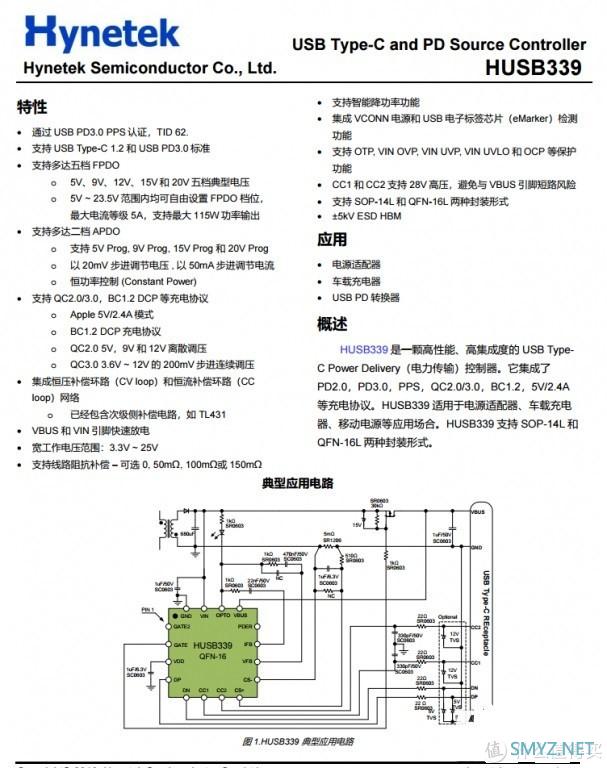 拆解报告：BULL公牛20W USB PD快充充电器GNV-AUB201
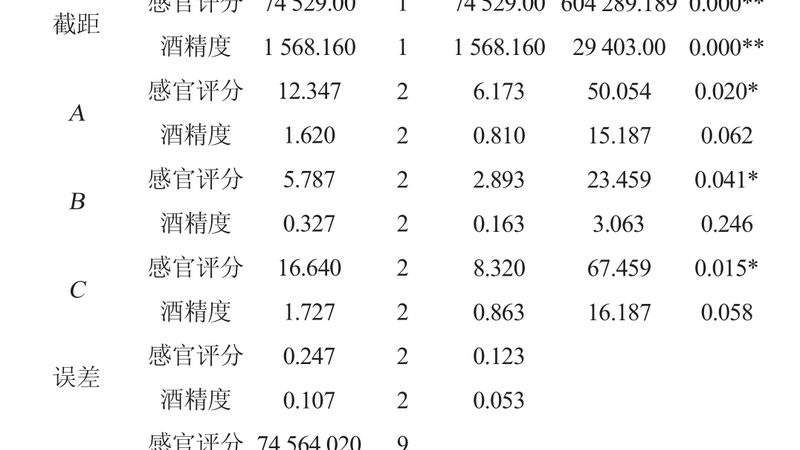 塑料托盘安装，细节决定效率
===
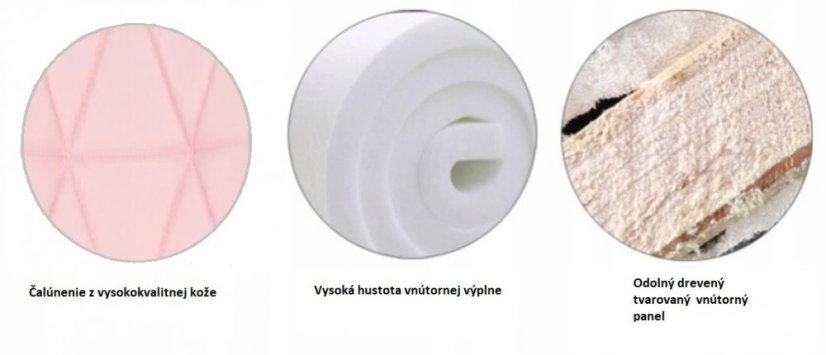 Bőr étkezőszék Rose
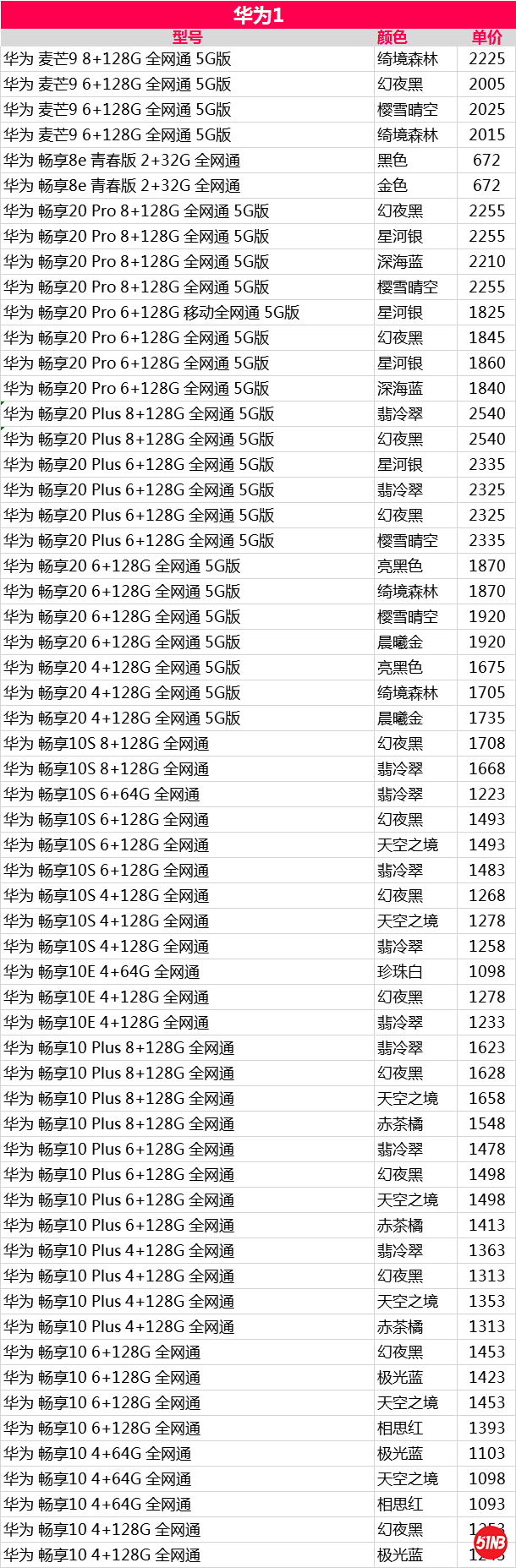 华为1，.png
===
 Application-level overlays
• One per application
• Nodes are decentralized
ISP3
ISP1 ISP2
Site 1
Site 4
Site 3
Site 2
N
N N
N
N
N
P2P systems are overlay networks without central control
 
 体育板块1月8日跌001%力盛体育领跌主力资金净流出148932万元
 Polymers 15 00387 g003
===
Look above for the line with "拆解报告：BULL公牛20W USB PD快充充电器GNV-AUB201" and the line with "塑料托盘安装，细节决定效率", then copy exactly the lines from the first through the second, both kept, with no pictures.

• _ANSWER TO THIS TASK_
 拆解报告：BULL公牛20W USB PD快充充电器GNV-AUB201
 塑料托盘安装，细节决定效率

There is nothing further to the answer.